Let us switch back to our application open in Visual Studio to create a data source.
Right-click on the datasource folder and choose new data source.
From the data source wizard, do the following options.
Click on the new button to create a new datasource from the SQL Server or Oracle db.
From the connection manager choose the type of provider, server name and you can set the authentication.
After providing the database information click OK and it takes you back to the Data Source Wizard with the connection added. Click next.
The next window asks for impersonation information. We can choose one of four types of account and I am choosing Inherit since it is the safest for this demo.
And now click Next and it takes you to set the data source name. You can see the connection string for verification in this window.
The data source is finally created!
We can have multiple data sources created the same way.
To edit all the information, just click on the data source you have created and click open. It allows you to edit all the information you have configured. The data source can be anything, like SQL Server, Oracle, access, DB2, Informatica, and so on.
Thus we have created the data source.
Creating a Data Source VIew
A Data Source View contains the metadata about the data source. A data source view can be used with cubes, dimensions and mining structures. This data source view is stored in an XML format. They can be built over one or more data sources or meta data. A data source view may contain relationships, primary keys, object names and calculated columns. This cannot be queried by the client application.
Step 1
Right-click on the "Data Sources" view and then click New Data Source View.
Step 2
Select a specific data source.
Step 3
You can also add a data source by clicking the new data source button. Once the data source is selected, click Next. You can see select tables and options. With this, you can select the view or table you want.
Step 4
After selecting tables and views you can see the completing wizard. Click complete.

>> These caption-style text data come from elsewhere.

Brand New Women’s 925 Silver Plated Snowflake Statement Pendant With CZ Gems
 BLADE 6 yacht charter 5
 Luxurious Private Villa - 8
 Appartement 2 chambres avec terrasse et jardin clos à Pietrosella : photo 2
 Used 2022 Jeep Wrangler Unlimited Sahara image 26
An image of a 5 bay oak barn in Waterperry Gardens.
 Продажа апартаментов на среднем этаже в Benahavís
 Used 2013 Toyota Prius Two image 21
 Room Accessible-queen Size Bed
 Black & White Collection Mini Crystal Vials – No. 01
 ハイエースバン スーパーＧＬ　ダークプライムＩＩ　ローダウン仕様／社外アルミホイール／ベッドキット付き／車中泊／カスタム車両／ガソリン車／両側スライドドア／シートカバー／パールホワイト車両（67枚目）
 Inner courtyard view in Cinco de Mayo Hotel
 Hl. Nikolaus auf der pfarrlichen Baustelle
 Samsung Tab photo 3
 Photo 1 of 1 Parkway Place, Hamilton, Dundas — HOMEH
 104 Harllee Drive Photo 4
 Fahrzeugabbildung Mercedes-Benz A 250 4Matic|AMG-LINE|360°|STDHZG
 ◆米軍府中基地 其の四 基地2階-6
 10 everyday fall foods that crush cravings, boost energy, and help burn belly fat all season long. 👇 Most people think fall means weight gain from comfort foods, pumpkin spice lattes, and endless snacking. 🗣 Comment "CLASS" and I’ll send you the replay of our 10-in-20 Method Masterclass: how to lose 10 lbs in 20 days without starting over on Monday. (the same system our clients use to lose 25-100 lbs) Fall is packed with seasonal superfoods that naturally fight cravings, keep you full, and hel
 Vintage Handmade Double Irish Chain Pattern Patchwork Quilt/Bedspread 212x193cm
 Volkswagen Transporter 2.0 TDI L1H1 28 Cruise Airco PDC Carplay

That's it. We have created a data source view.
Creating Dimensions
Dimensions are business objects or entities that contain a list of attributes that describe the object (dimension itself) and they are usually derived from some code tables.
The following is the procedure to create dimensions.
Step 1
Right-click on the dimension folder and click select new dimension. Click Next if there are any prompts.
Step 2
A Cube Wizard page appears to "Select Creation Method". In that select "Use an existing table". Then click on the "Next" Button.
Step 3: The dialog will guide you to choose a data source, table name and name column.
Step 4
Choose your data source. Choose from the list of table selected in the data source view and choose a name column. Preferred is the primary key column. Once you click next, it will show you a set of related tables with foreign key constraints to it, if any. Click Next.
Step 5
You need to select what all the dimensions are that you want.
Step 6
In the next screen, you will see the summary of Dimensions. Here provide the name of the Dimension, in other words ProductDimension and then click on the Finish button.
Step 7
Now you can see the dimensions created In the Solution Explorer.
Creating Cubes
A cube includes measures in measure groups, business logic, plus a collection of dimensions that provide context for evaluating the numerical data that a measure provides. Both measures and measure groups are an essential component of a cube. A cube cannot exist without at least one of each.
What Measures are
A measure represents a column that contains quantifiable data, usually numeric, that can be aggregated. Measures represent some aspect of organizational activity, expressed in monetary terms (such as revenue, margins, or costs) or as counts (inventory levels, number of employees, customers, or orders), or as a more complex calculation that incorporates business logic.
What Measure Groups are
Measure Groups are the collection of measures values.
Step 1
Right-click on the cubes folder and select new cube.
Step 2
Select the "Use existing table" option and click Next.
Step 3
A Cube Wizard will appear to "Select Measure Group Table" with the table included in the data source view. Select the tables you want for the cube.
Step 4
In the Cube Wizard to "Select Measures", select the measures you want and then click Next.
Step 5
Select the existing dimensions and click Next.
Step 6
Select the new dimensions you want.
Step 7
The complete wizard appears with the cube name.
Step 8
We can see the cube being created.
Conclusion
Thus cube creation in SSAS is required for reducing the query processing time to improve performance. In the next article I will cover how to query these cubes and how to integrate this cube with our .Net application.